So to the all-important routing and you’ll find, initially anyway, that you will hover around the top left of the synth. Synthmaster is dual layer, with each one playing in Poly, Mono or Legato modes. From there simply think of everything in blocks from left to right, so within each layer you get these blocks which comprise modulators, the two oscillators, the filter section, effects, envelopes and LFOs (x4).

Each of these blocks can be switched on and off or connected, sometimes differently (in the case of the filters in series, parallel, or split) and each is explored in detail within other areas on the screen. So oscillators and modulators are bottom left; envelopes, bottom right; filters, top right; arpeggiator and effects top left; and finally a Matrix area to the right.

This modulation section in itself is worth the asking price. The synth has 3000 parameters to edit and this section has 95 Modulation Sources and 650 Targets. But before you get overwhelmed, again it’s not as complicated as it might be, with 12 easy (common) parameters accessible within the browser, along with X-Y touchpads to make changes.

Also at the far right, you can make adjustments to various settings including changing the skin. While this is very cool, do be careful as you might end up in the more restricted Synthmaster Player Mode and, as I did, struggle to get back to the normal mode (I found the PDF manual eventually!).

The Only Synth You’ll Need?
So there is already a lot going on here but there is more, which ultimately gives the plug-in its ‘master’ status. First, the sheer number of synthesis options and oscillator combinations/types is staggering: Basic; Additive (Basic x8); Vector (using four Basics by way of vector x-y parameters); and Wavetable, not to mention AudioIn (which reminds me I must also mention that Synthmaster can be used as an effect).

FM and AM make use of modulator combinations, audio in and waveforms. If you drill down further to the actual waveform ingredients, there are a huge number to be explored.

You start with the normal Sine waves and then go off through just about every wave you can think of and a gazillion that you can’t. There are waveforms based on big named synths, broad FM and AM waves, random waves… In total, a stunning and varied number to keep you occupied.

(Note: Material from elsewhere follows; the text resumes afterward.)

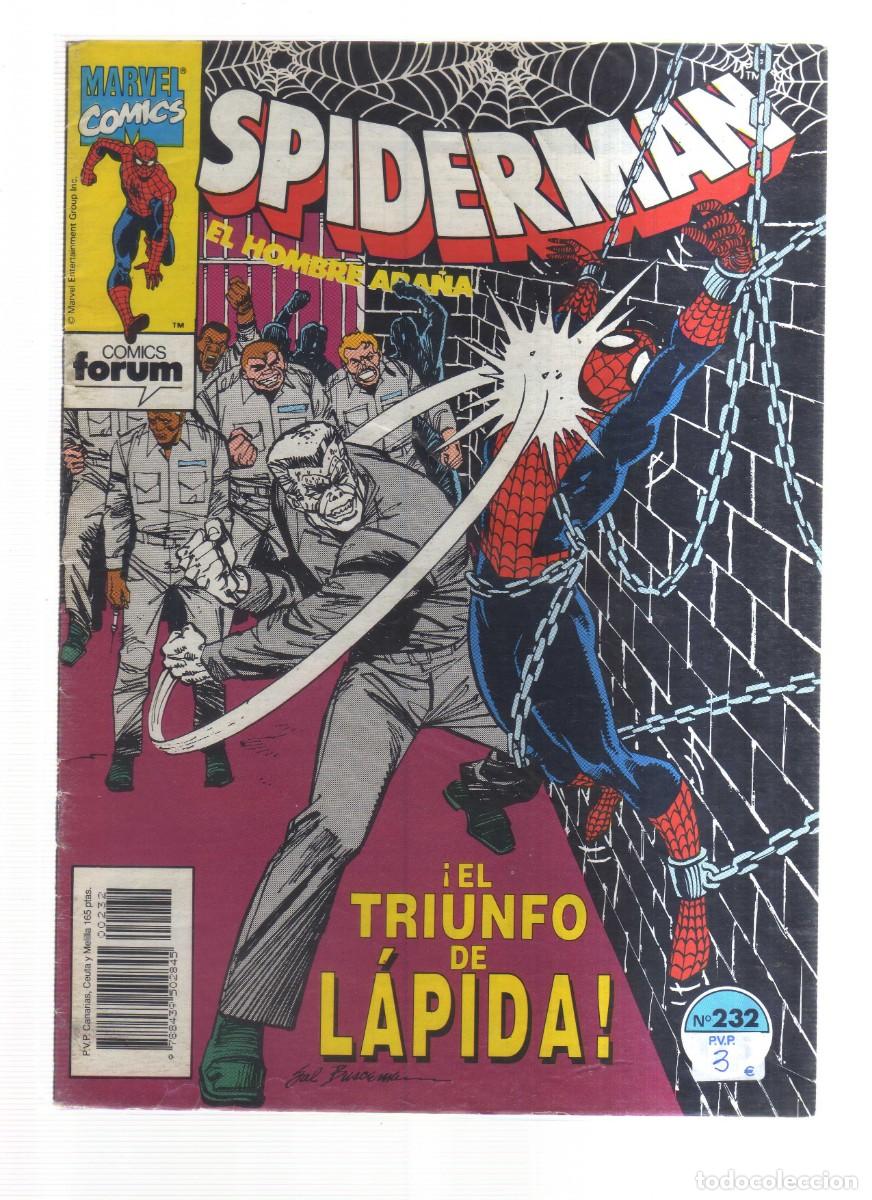 Tebeos: SPIDERMAN EL HOMBRE ARA&Ntilde;A FORUM N,232 - Foto 1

And then there’s the effects. With Layer and Global FX Routing and a screen full of options and dropdowns, you couldn’t ask for more flexibility.

Of course, what all of these options mean is masses of sonic potential, and there are 20+ instrument types (keys, bass, arpeggios, synths, etc) and then these are broken down by style, attribute, author and bank into sounds.

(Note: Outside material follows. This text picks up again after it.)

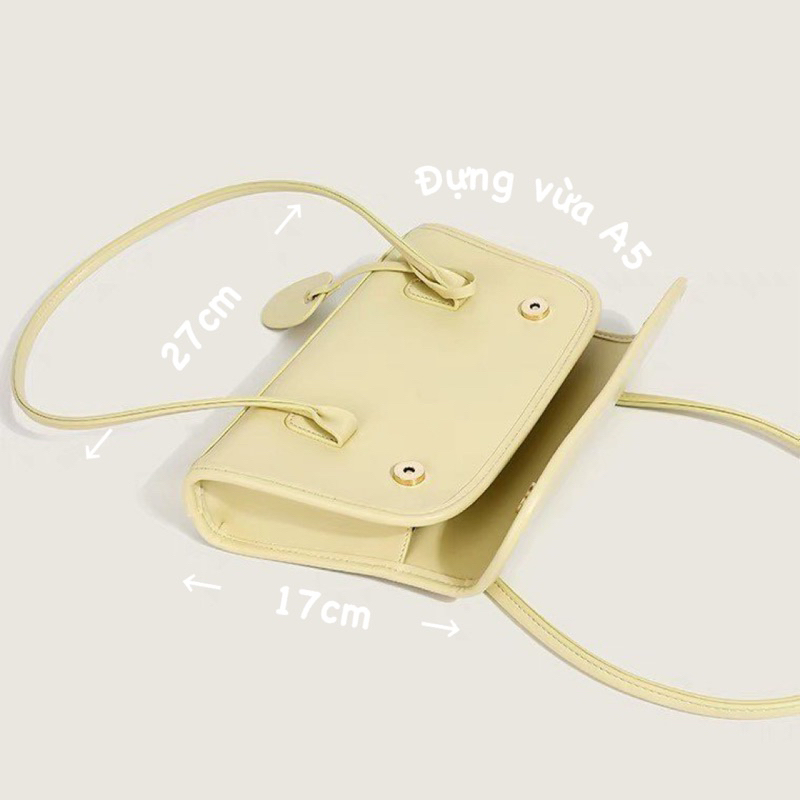 Túi xách nữ quai dài đeo kẹp nách đeo vai màu pastel trendy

And with so many (within the Everything Bundle), I am certainly glad those categories exist as they do make selecting sounds a lot easier. It’s hard to describe an overall theme but ‘big and hard’ springs to mind – sounds with lots of energy, movement, and presence. Generally, you get presets that will sit well as the backbone of your mixes.

I also love the way you can quickly up the number of parts to create massive walls of sound – kind of like ‘taking it to 11’ in synth form. Inevitably, there are a few weaker ones – maybe I could have done with less bells, and my quarter-century ‘keep brass out of synths’ campaign seems no closer to success. But there are many hundreds here that show Synthmaster off to the max and a full-bodied beast it certainly is…

Overview

1: Layer Section – The top left of the Sythmaster screen is used to select the layers, and here you see the all-important building blocks including the filters, shown here split.

2: Effects – Effects are also selected in this area, either globally or per layer. You can choose a variety of presets and parameters for each.

3: Arpeggiator – We didn’t touch a lot on this in the main text but you can adjust it graphically by dragging pointers or choose from several presets.

4: Synthesis! – The heart and soul of Synthmaster is obviously its engine or, should we say, several engines. Drill down further and there are stacks of waveforms to choose…

5: Filters & Envelopes – Both reside to the right of the main Layers section. You can choose filters to be in series, parallel or split, and here you get into the detail of each.

6: Sounds – And the results of all of these features are the sounds. 1100 of them split by type, instrument, author, bank and musical style for easy accessibility.

Alternatives
We usually pick alternatives based on what we’ve tested, so first up is Rob Papen’s Blue 2. It too uses oodles of synthesis starting points and has masses of presets, so can be an alternative to pretty much any synth out there.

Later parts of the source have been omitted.